The weak demand for cement products combined with high operating expenses and increased income tax have dampened the performance of Lafarge Africa plc, Nigeria’s second largest manufacturer of the product.
The audited financial statement of the cement maker showed profit after tax fell by 43 percent to N34.66 billion from N60.95 billion in the same period of the corresponding year (FY) 2013, while sales dropped slightly by 2 percent to N205.84 billion.
Lafarge’s net margin, a measure of profitability and efficiency, fell to 16.80 percent compared with 29.57 percent the preceding year.
Analysts attribute the slow growth in sales to slowdown in work and decline in cement demand on the back of heavy rain fall in the third and last quarter of last year.
They also added that the delay in passage of the 2014 fiscal budget also affected growth of Lafarge as Nigeria cement industry is exposed to government expenditure pattern.

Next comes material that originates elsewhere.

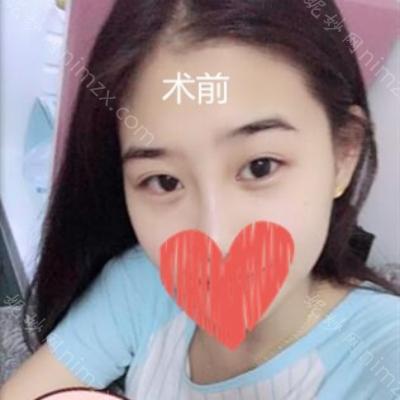 昆明梦想医疗美容整形医院整形林清医生怎么样
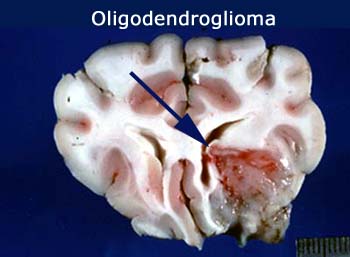 Tumor oligodendroglial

The demand in the industry is often impacted by government policies regarding expansion or capital expenditure. Furthermore, the slumping oil price has battered government spending on capital projects, dealing a further blow on cement makers’ sales.
“Pending comments from management, we believe that the weak set of results were largely due to slowing demand for cement in Nigeria during the fourth quarter,” said Tunde Abidoye, equity research analyst with FBN Capital Limited in a March 13 note.
“The visible slowdown in the macro-economic environment following the sharp fall in oil prices by around 36 percent (between Q3 and Q4 2014) led to a reduction in revenues to the Federal Government and state governments and by extension a slowdown in capital expenditure,” said Abidoye.
Also contributing to the sluggish growth at the bottomline of Lafarge was a 44 percent decline in operating income to N44.17 billion as against N67.07 billion last year.
Lafarge’s bottomline was pressured by a 107 percent rise in other operating expense to N1.54 billion from gains of N21.46 billion the preceding year.
A 98 percent increase in income tax expense also contributed to the dip in profit. The increased tax means the company may have stopped enjoying tax relief on some of its qualifying capital expenditure.
Cost of sales reduced by 1 percent to N137.36 billion in 2014, as against N138.75 billion in 2013, as the use of gas and local coal of fossil, which is less expensive than diesel or LPFO, helped reduce costs.
Cost of sales ratio reduced to 66.73 percent in 2014 from 67.73 percent in 2013, while operating expenses margin remained flattish at 11 percent.
Lafarge has a return on average equity (ROaE) of 19.70 percent, while current ratio, a measure of liquidity and efficiency, dropped to 0.95 xs as against 1.05 xs last year; this figure is lower than the 2.1x industry average.